Court boss Kurt Leitzenberger said: ‘They will not give statements. This decision is final.

‘Their statements might have helped us but most of it was clear from the beginning.’

The family’s lawyers warned this week they were too traumatised to give evidence.

Prosecutors insist statements from Fritzl’s daughter Elisabeth will ‘provide enough evidence’.

But they had hoped her daughter Kerstin, 19, would help convict Fritzl 74, for murder over the death of Elisabeth’s newborn.

Prosecutors believe the baby may have been alive he tossed it into an incinerator in the dungeon he built at the family home in Amstetten.

Elisabeth, who claims she was abused since age 11, was taken prisoner after she ran away from home when aged 18.

Horrific: Fritzl forced Elisabeth and her three children in this cramped cellar

Horrific: Fritzl forced Elisabeth and her three children in this cramped cellar

Over the course of the following 24 years, Fritzl apparently visited her in the hidden cellar on average once every three days to bring food and other supplies.

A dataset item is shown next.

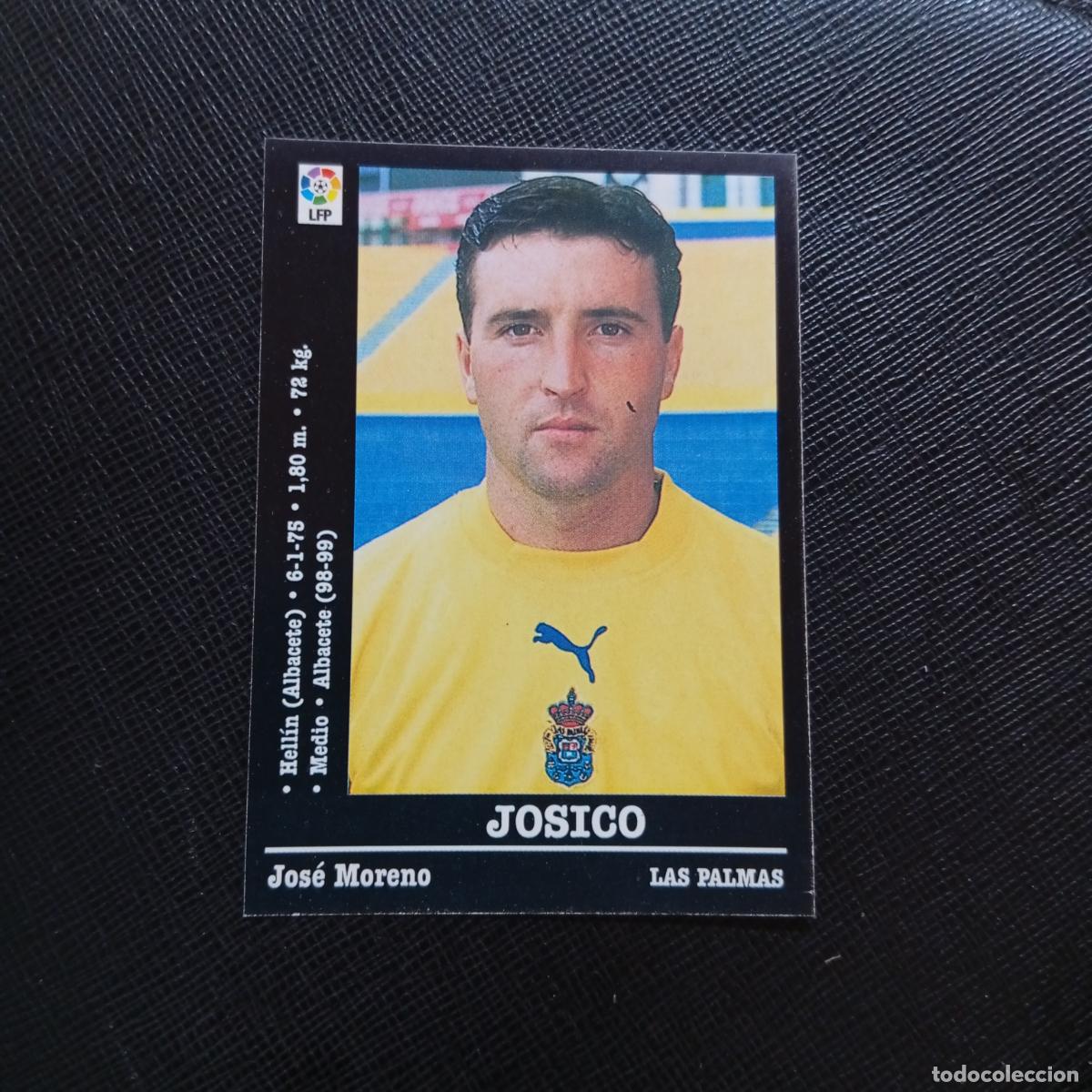 Cromos de f&uacute;tbol: 298 JOSICO LAS PALMAS PANINI 00 01 CROMO FUTBOL LIGA 2000 2001 - SIN PEGAR - A71 PG53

During that time he has also admitted raping her.

Three children, Lisa, 16, Monika, 14, and Alexander, 12 - a twin of the baby who died - were removed from the cellar as infants to live with Fritzl and his wife Rosemarie.

They adopted Lisa and became Monika’s and Alexander’s foster carers, with the knowledge of local social services.

Officials said that Fritzl ‘very plausibly’ explained how three of his infant grandchildren had appeared on his doorstep.

The family received regular visits from social workers, who did not hear complaints or notice anything to arouse their suspicions.

Following the birth of the fourth child in 1994, Fritzl enlarged the prison for Elisabeth and her children, making the cellar around a third bigger.

The captives had a television, radio, and video cassette player and food could be stored in a refrigerator and cooked or heated on hot plates.

Elisabeth taught the children to read and write, although it has been reported that they have only basic communication ability.

Fritzl told Elisabeth and the three children - Kerstin, Stefan, 18, and five-year-old Felix -who remained in the cellar that they would be gassed if they tried to escape.

Investigators have concluded that the threat was bogus and was primarily designed to frighten the captives as no actual gas pipes were found leading into the basement.

Fritzl stated after his arrest, that it was sufficient to tell them not to meddle with the cellar door or otherwise they would receive an electrical shock and die.

According to his sister-in-law Christine, Fritzl would go into the basement every morning at 9 am, apparently to draw plans for machines, which he sold to firms.

Often he stayed down there for the night — his wife was not even allowed to bring him coffee.

A tenant, who rented a ground floor room in the Fritzl house for 12 years, said he heard noises coming from the basement but Fritzl passed it off as noise emanating from the gas heating system.